IleostomyIn an ileostomy operation, a part of your small bowel called the ileum is brought to the surface of your abdomen to form the stoma. An ileostomy is typically made in cases where the end part of the small bowel is diseased, and is usually made on the right-hand side of your abdomen.

Stools in this part of the intestine are generally fluid and, because a stoma has no muscle to control defecation, will need to be collected in a pouch.

There are two different types of ileostomy surgery:

End ileostomy
An end ileostomy is made when part of your large bowel (colon) is removed (or simply needs to rest) and the end of your small bowel is brought to the surface of the abdomen to form a stoma. An end ileostomy can be temporary or permanent.

The temporary solution is relevant in situations where the diseased part of the bowel has been removed and the remaining part needs to rest before the ends are joined together. The permanent solution is chosen in situations where it is too risky or not possible to re-join the two parts of the intestine.

Loop ileostomy
In a loop ileostomy, a loop of the small bowel is lifted above skin level and held in place with a stoma rod. A cut is made on the exposed bowel loop, and the ends are then rolled down and sewn onto the skin. In this way, a loop ileostomy actually consists of two stomas that are joined together.

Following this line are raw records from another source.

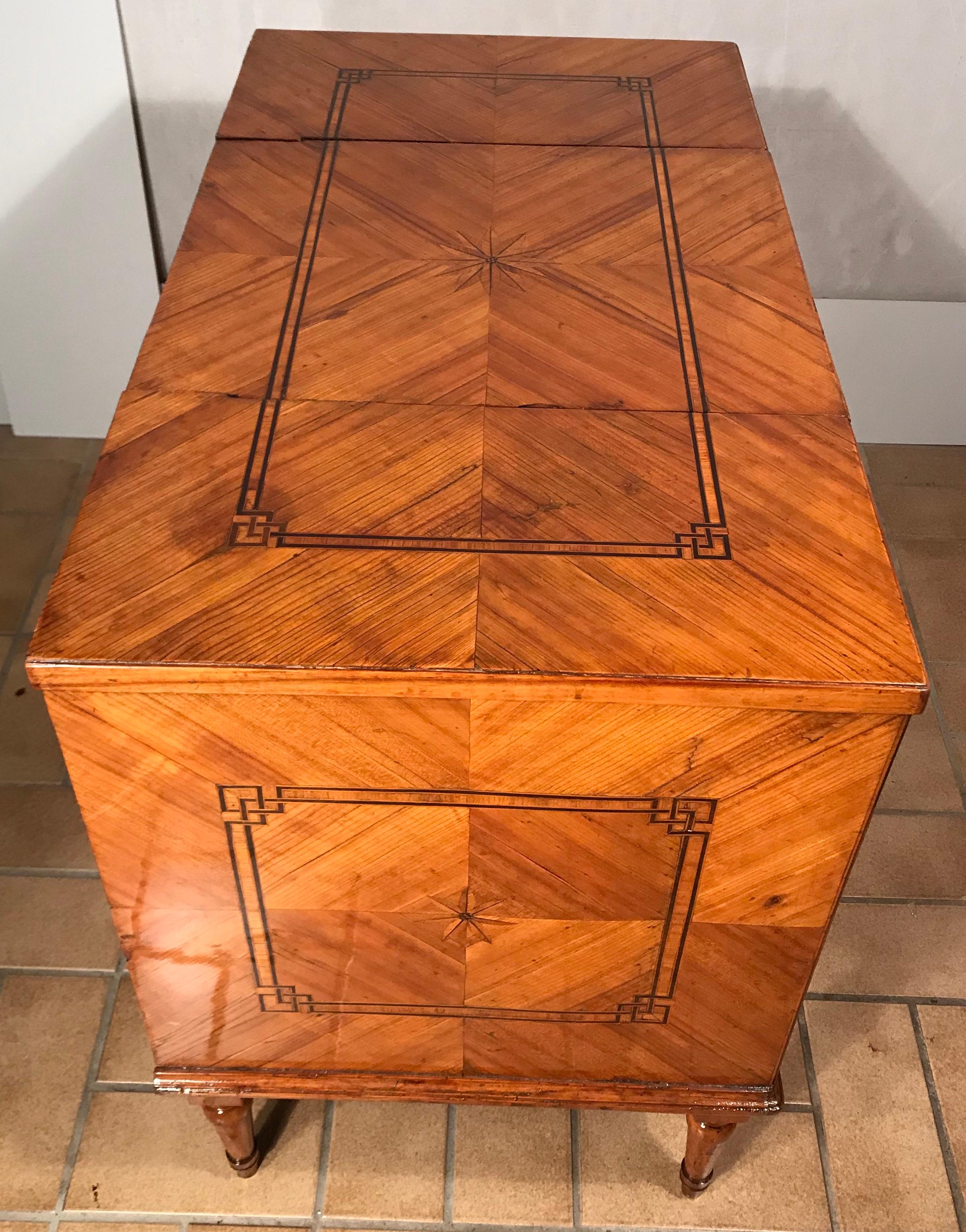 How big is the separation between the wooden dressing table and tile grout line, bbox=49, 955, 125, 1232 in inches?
10.6

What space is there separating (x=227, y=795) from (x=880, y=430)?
2187 mm

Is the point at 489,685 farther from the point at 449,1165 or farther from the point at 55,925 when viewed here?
the point at 55,925

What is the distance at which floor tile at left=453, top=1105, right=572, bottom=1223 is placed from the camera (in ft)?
5.47

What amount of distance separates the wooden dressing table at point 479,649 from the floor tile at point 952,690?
106 centimetres

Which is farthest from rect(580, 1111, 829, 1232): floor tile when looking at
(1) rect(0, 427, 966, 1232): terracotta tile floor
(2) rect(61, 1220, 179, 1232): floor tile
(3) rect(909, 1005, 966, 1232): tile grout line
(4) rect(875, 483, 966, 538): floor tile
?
(4) rect(875, 483, 966, 538): floor tile

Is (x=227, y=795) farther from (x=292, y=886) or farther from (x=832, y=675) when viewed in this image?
Result: (x=832, y=675)

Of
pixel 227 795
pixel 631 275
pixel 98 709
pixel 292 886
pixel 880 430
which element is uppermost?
pixel 631 275

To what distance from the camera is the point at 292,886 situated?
1.26m

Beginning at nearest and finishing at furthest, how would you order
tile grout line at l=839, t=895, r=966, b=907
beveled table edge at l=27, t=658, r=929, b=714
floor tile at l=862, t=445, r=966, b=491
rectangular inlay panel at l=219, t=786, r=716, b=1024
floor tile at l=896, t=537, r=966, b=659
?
beveled table edge at l=27, t=658, r=929, b=714, rectangular inlay panel at l=219, t=786, r=716, b=1024, tile grout line at l=839, t=895, r=966, b=907, floor tile at l=896, t=537, r=966, b=659, floor tile at l=862, t=445, r=966, b=491

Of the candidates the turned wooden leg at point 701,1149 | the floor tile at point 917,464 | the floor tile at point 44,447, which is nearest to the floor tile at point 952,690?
the floor tile at point 917,464

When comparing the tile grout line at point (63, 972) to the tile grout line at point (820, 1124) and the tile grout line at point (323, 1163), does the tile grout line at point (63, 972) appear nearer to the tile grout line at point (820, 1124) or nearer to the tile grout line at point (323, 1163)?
the tile grout line at point (323, 1163)

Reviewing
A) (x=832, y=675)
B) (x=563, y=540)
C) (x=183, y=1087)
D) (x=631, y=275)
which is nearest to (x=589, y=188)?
(x=631, y=275)

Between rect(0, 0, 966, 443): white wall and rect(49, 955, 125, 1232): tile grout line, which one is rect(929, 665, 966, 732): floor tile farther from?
rect(49, 955, 125, 1232): tile grout line

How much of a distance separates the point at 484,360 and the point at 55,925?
1.21 m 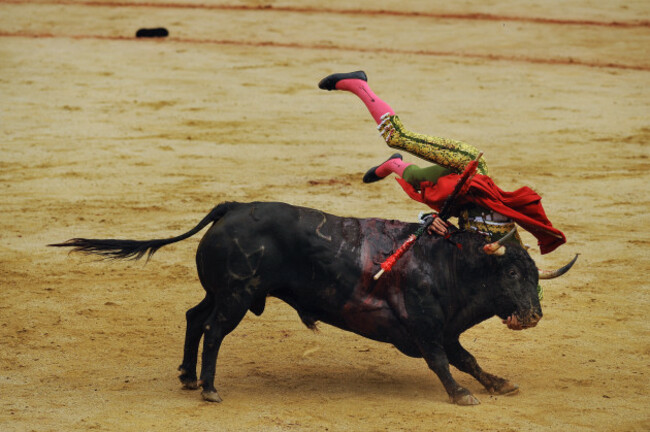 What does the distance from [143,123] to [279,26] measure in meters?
5.41

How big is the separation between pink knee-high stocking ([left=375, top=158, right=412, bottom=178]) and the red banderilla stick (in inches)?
19.4

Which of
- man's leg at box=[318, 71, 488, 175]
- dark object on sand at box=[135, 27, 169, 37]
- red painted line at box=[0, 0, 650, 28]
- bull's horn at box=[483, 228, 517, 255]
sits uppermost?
man's leg at box=[318, 71, 488, 175]

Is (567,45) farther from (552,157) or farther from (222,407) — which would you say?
(222,407)

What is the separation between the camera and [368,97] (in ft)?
22.1

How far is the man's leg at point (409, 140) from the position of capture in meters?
6.37

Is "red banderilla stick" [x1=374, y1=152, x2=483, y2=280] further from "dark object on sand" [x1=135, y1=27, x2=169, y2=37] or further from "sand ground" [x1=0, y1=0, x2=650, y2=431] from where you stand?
"dark object on sand" [x1=135, y1=27, x2=169, y2=37]

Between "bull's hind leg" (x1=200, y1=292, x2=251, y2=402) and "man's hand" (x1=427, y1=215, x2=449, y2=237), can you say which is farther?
"man's hand" (x1=427, y1=215, x2=449, y2=237)

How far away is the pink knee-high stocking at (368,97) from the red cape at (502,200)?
21.7 inches

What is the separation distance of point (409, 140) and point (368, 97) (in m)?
0.42

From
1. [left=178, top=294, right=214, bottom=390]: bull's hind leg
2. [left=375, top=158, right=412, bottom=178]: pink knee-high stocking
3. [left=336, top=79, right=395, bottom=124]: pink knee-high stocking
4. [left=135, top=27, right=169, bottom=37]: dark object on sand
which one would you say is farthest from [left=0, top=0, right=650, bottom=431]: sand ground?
[left=336, top=79, right=395, bottom=124]: pink knee-high stocking

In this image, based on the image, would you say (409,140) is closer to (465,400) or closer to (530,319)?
(530,319)

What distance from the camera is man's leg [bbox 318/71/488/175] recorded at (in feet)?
20.9

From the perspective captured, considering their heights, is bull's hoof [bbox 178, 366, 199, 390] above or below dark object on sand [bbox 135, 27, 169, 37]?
above

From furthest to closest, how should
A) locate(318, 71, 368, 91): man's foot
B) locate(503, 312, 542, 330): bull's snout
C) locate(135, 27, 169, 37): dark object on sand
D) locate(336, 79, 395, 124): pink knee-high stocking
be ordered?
locate(135, 27, 169, 37): dark object on sand
locate(318, 71, 368, 91): man's foot
locate(336, 79, 395, 124): pink knee-high stocking
locate(503, 312, 542, 330): bull's snout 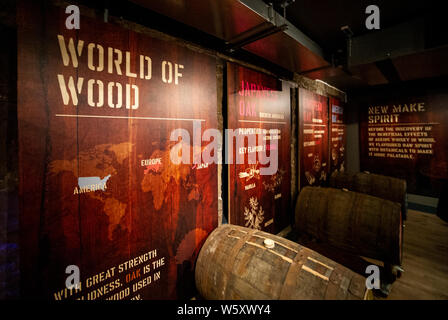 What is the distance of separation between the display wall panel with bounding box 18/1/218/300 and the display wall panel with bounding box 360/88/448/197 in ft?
16.7

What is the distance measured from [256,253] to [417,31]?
3.35 m

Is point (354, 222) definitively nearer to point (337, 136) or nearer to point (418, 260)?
point (418, 260)

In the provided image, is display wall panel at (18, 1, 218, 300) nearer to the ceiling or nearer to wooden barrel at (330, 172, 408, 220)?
the ceiling

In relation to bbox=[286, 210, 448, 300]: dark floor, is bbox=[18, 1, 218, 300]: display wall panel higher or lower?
higher

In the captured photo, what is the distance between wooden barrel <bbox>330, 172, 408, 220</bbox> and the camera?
11.0 ft

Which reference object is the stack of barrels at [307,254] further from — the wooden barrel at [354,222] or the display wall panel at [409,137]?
the display wall panel at [409,137]

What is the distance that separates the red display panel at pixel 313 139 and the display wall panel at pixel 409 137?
1.78 m

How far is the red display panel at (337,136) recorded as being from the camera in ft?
14.8

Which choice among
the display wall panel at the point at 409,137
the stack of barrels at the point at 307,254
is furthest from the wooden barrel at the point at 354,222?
the display wall panel at the point at 409,137

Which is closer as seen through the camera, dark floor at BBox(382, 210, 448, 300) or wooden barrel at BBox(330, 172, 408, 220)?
dark floor at BBox(382, 210, 448, 300)

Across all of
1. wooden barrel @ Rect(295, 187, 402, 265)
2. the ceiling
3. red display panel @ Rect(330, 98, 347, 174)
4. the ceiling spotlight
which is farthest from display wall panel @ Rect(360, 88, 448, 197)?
wooden barrel @ Rect(295, 187, 402, 265)

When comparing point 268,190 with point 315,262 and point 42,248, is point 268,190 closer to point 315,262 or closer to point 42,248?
point 315,262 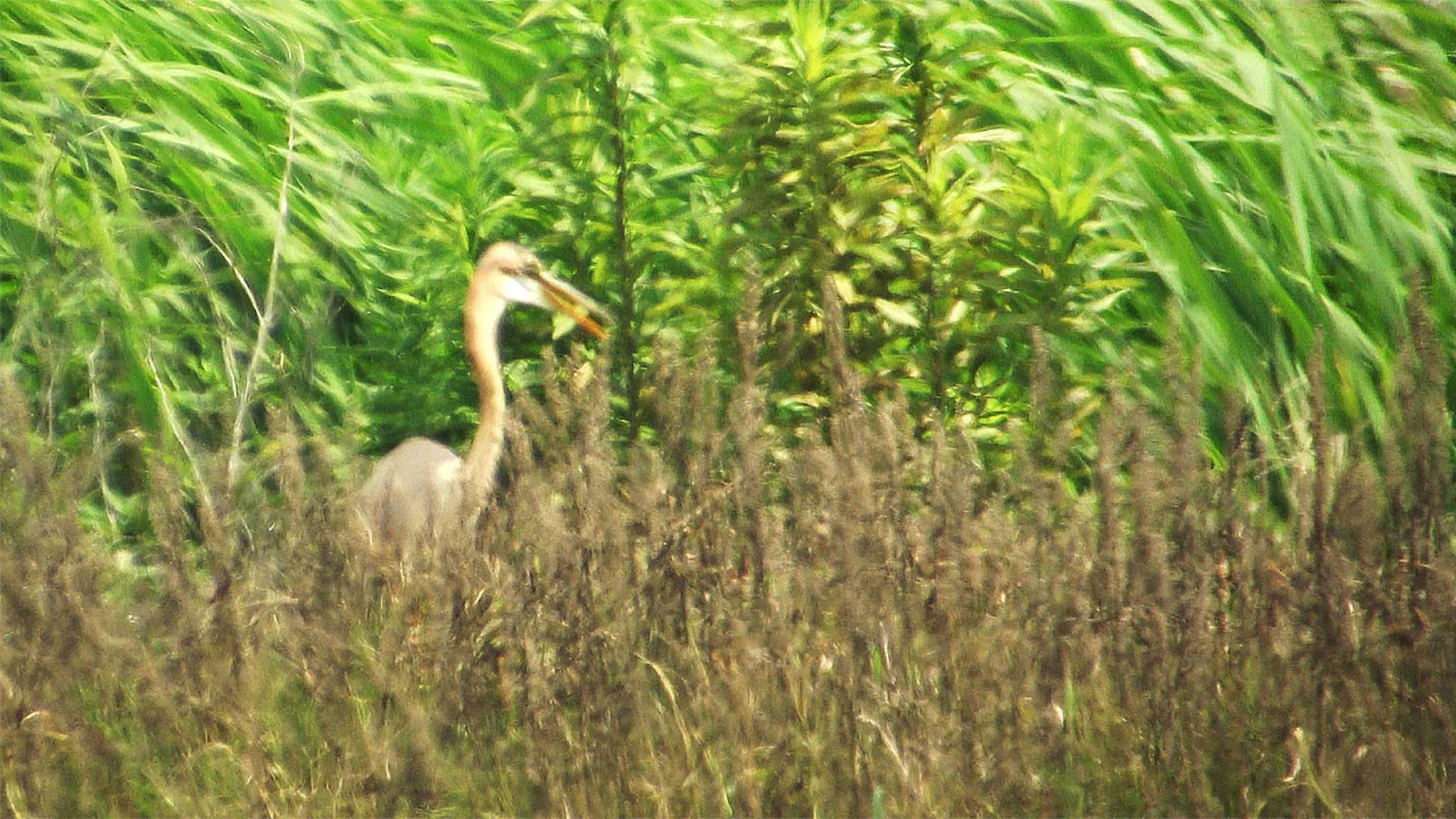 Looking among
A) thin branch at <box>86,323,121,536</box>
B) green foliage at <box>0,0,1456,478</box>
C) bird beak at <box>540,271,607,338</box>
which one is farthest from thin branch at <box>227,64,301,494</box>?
bird beak at <box>540,271,607,338</box>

The loop ileostomy is typically temporary and performed to protect a surgical join in the bowel. If temporary, it will be closed or reversed in a later operation.

Urostomy


UrostomyIf your bladder or urinary system is damaged or diseased and you are unable to pass urine normally, you will need a urinary diversion. This is called a urostomy, an ileal conduit or a Bricker bladder.

An isolated part of the intestine is brought onto the surface of the right-hand side of your abdomen and the other end is sewn up. The ureters are detached from the bladder and reattached to the isolated section of the intestine. Because this section of the intestine is too small to function as a reservoir, and there is no muscle or valve to control urination, you will need a urostomy pouch to collect the urine.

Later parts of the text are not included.